Peki yukarıda bir küvet vardı olmasına ama şatoda su yoktu sanırsam, bunca sene ihtiyaç duymamıştım, duyacağımıda düşünmemiştim. Üst kata çıktığımızda kız küveti görünce yüzünü buruşturarak bana baktı.
"İğrenç, bu küvet berbat halde."
"Ne yapmalıyız peki?" dedim kendisine.
"Küveti temizlememiz lazım," dedi hafifçe gülümseyerek, gülecek ne vardı ki?
"Tamam o zaman, temizle!" dedim kabaca.
Kız garip garip suratıma baktı.
"Asla, ben bu iğreç küvete elimi dahi değdirmem!" dedi kati ve yüksek bir ses tonuyla.
Sınırlarını zorluyordu bu kız, ölüme susamış olmalıydı.
"Bende temizlemem!" dedim.
Bir kaç saniye yüz yüze baktık, onun da benimde hareket etmeye pek niyetimiz yoktu. Kız etrafına bakınarak birşeyler aramaya başladı, en sonunda elinde eski bir bez parçasıyla karşımda durarak şeytanice gülümsedi, sonra o bezi bana fırlatarak gülümsemeye devam etti.
"Temizlenmezsen, değişemezsin!" dedi katı bir şekilde.
Şaşkınlıkla kızın yüzüne baka kaldım, ben ki Kont Dracula elimde bir paçavra parçasıyla temizlik yapmam için zorlanıyordun ölümlü bir kız tarafından. Eski ben olsaydı şimdi kesinlikle bu terbiyesizliğini affetmeyerek son vermiştim ćoktan hayatına, lakin geçen yıllar beni oldukça değiştirmişti. Eskisi gibi katı ve kötü değildim, ahh eski günler, ne kadar da uzaksın şimdi bana...
Kızla fazla tartışma yaşamamak adına birşey demen küveti temizlemeye koyuldum. Eminim ki ben şimdi burayı temizlerken o kıs kıs gülüyordur bana bakaraķ.
Bir kaç dakika geçmişti ki bitirdim küveti temizlemeyi. Yerimden doğrulmayla birlikte ellerimde iki eski kovayla buldum kendimi.
"Şatoda su yok, gidip aşağıdaki dereden su getirmen gerekicek."
dedi kız gülümseyerek.
Sinirle yüzüne baktım, bu kız oldukça rahattı.
"Senin kaçmayacağını nerden bileceğim?" dedim.
"Emin ol ki öyle bir hata yapmam, seni değişimini en az senin kadar merak ediyorum," diye cevap verdi yüzündeki gülümsemesinibeksik etmeyerek.Bir Vampir olarak ben, insanlardan oldukça hızlı ve güçlüydüm. Hızla elimdeki kovalarla aşağıdaki kanaldan su alıp gerisin geri şatoya döndüm. Kız hâlâ aynı yerde, istifini bozmamıştı. İki kovayı küvete döktüm ve küvet dolmuştu. Şimdi yıkanma zamanıydı. Üzerimdeki giysileri yavaşça çıkarmaya başladım, bu kıyafetler senelerdir üzerimdeydiler.

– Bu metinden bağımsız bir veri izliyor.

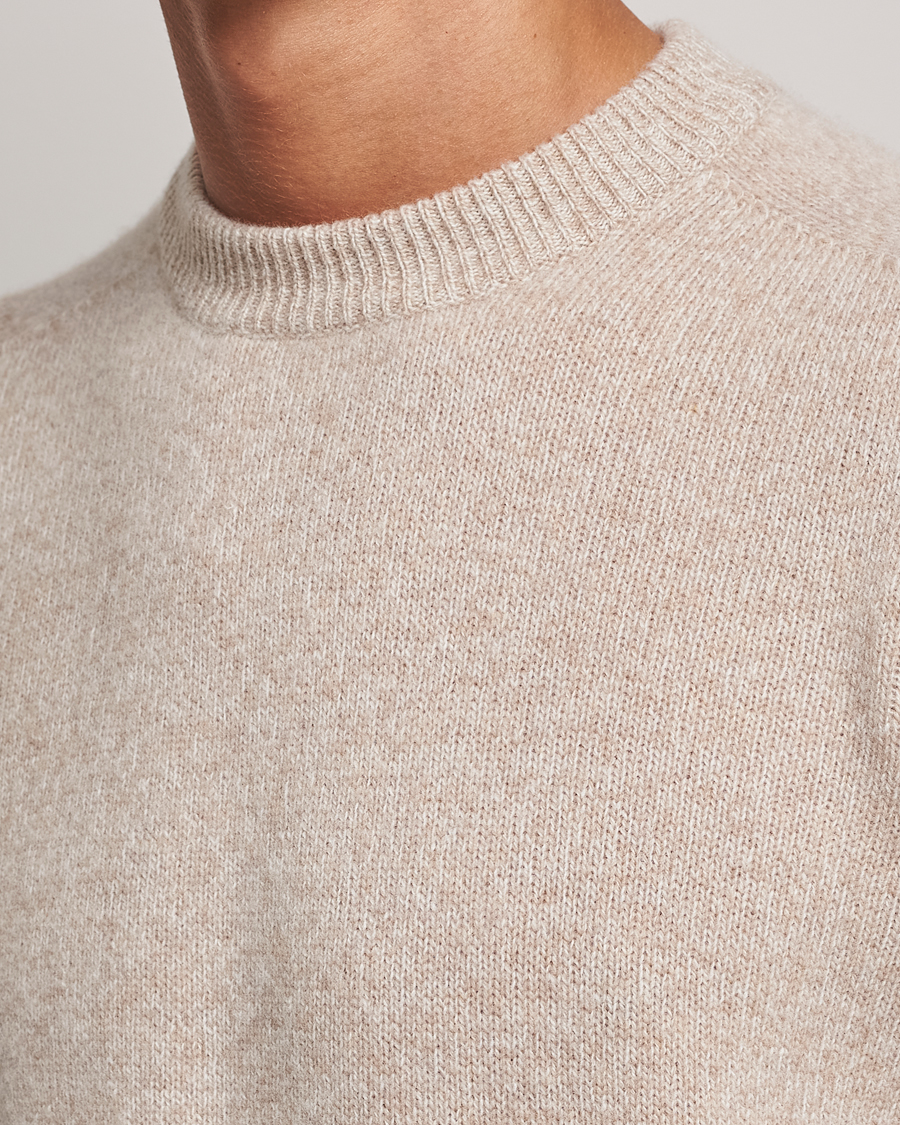 Herre | Trøjer | Altea | Wool/Cashmere Crew Neck Pullover Beige Melange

Birkaç saniye sonra tamamen çıplaktım, kıza baktım kafasını başka tarafa çevirmişti, utanmış olsa gerekti. Su soğuktu lakin ben hissetmiyordum, soğukluk veya sıcaklık, ben kendim zaten soğuktum.
Ben yıkanırken kızın ismini bilmediğimi hatırladım, gerek duymamıştım aslında sormaya, bilmek gerekti bu güzel kızın ismini.
"İsmin ne?" diye sordum kendisine.
"İrina," dedi kısaca. İsmi güzeldi, hoş ve benim zamanıma ait.
Kısa sürede bitmişti yıkanmam, ayağa kalktım ve küvetten çıktım. Su bulanık bir renge dönüşmüştü, tabii yüzyılların kirini yıkamıştım böyle olması gerekti.
Çıplak bir vaziyette İrina'nın karşısında dikildim. Beni görür görmez birkaç saniye süzdükten sonra kafasını başka yöne çevirdi.
"Sende utanma duygusu yokmu, böylece karşımda durmamalısın!" dedi sinirli bir ses tonuyla.
Birşey demeden gidip giyindim, tekrar eski kıyafetlerimi giymek hoşuma gitmemişti. Temizlenen saçlarım uçuş uçuş ve kabarık olmuştu, oldukça yumuşaktı.
Giysilerimi giymeyi bitirdiğim esnada güneş doğmaya başlamıştı yavaş yavaş.
"Şimdi saçlarını kesme vakti, makas, tarak gibi eşyaların varmı?" diye sordu İrina.
"Olması gerek, aşağıda traş takımım var," dedim.
aşağıya indiğimizde İrina hemen traş takımımı aramaya koyuldu ve de kısa sürede buldu.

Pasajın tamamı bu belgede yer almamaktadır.